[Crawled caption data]
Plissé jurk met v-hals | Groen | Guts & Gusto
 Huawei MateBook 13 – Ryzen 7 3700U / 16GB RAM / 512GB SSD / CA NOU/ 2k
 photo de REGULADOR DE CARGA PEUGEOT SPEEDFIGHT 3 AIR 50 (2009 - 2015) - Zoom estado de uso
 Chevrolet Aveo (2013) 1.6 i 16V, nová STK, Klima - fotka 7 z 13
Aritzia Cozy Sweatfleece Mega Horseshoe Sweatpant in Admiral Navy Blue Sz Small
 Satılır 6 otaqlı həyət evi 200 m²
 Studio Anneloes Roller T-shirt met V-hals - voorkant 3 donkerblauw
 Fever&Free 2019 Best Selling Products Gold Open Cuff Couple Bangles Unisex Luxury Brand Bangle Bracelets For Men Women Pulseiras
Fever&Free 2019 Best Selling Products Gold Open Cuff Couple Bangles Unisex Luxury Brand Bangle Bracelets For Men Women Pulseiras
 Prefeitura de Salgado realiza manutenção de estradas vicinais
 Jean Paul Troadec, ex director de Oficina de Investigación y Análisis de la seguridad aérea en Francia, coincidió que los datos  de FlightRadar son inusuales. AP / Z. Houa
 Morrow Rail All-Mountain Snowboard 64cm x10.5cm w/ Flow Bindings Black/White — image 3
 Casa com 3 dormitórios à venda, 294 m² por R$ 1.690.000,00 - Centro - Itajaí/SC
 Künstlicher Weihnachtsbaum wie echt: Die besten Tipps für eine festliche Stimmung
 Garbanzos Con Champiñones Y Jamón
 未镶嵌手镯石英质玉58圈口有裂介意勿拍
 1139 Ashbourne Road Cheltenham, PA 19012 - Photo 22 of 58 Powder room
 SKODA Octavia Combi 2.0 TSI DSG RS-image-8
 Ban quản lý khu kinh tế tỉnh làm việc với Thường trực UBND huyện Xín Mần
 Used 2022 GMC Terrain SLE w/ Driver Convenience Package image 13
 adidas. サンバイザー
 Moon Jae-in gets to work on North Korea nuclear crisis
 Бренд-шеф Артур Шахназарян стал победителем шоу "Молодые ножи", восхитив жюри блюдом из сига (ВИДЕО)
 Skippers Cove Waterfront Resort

• _REQUIREMENT_: What is needed is an exact repetition of the lines from the first line of the records through the line containing "Prefeitura de Salgado", both ends included, and nothing more.

• _OUTPUT BELOW_:
Plissé jurk met v-hals | Groen | Guts & Gusto
 Huawei MateBook 13 – Ryzen 7 3700U / 16GB RAM / 512GB SSD / CA NOU/ 2k
 photo de REGULADOR DE CARGA PEUGEOT SPEEDFIGHT 3 AIR 50 (2009 - 2015) - Zoom estado de uso
 Chevrolet Aveo (2013) 1.6 i 16V, nová STK, Klima - fotka 7 z 13
Aritzia Cozy Sweatfleece Mega Horseshoe Sweatpant in Admiral Navy Blue Sz Small
 Satılır 6 otaqlı həyət evi 200 m²
 Studio Anneloes Roller T-shirt met V-hals - voorkant 3 donkerblauw
 Fever&Free 2019 Best Selling Products Gold Open Cuff Couple Bangles Unisex Luxury Brand Bangle Bracelets For Men Women Pulseiras
Fever&Free 2019 Best Selling Products Gold Open Cuff Couple Bangles Unisex Luxury Brand Bangle Bracelets For Men Women Pulseiras
 Prefeitura de Salgado realiza manutenção de estradas vicinais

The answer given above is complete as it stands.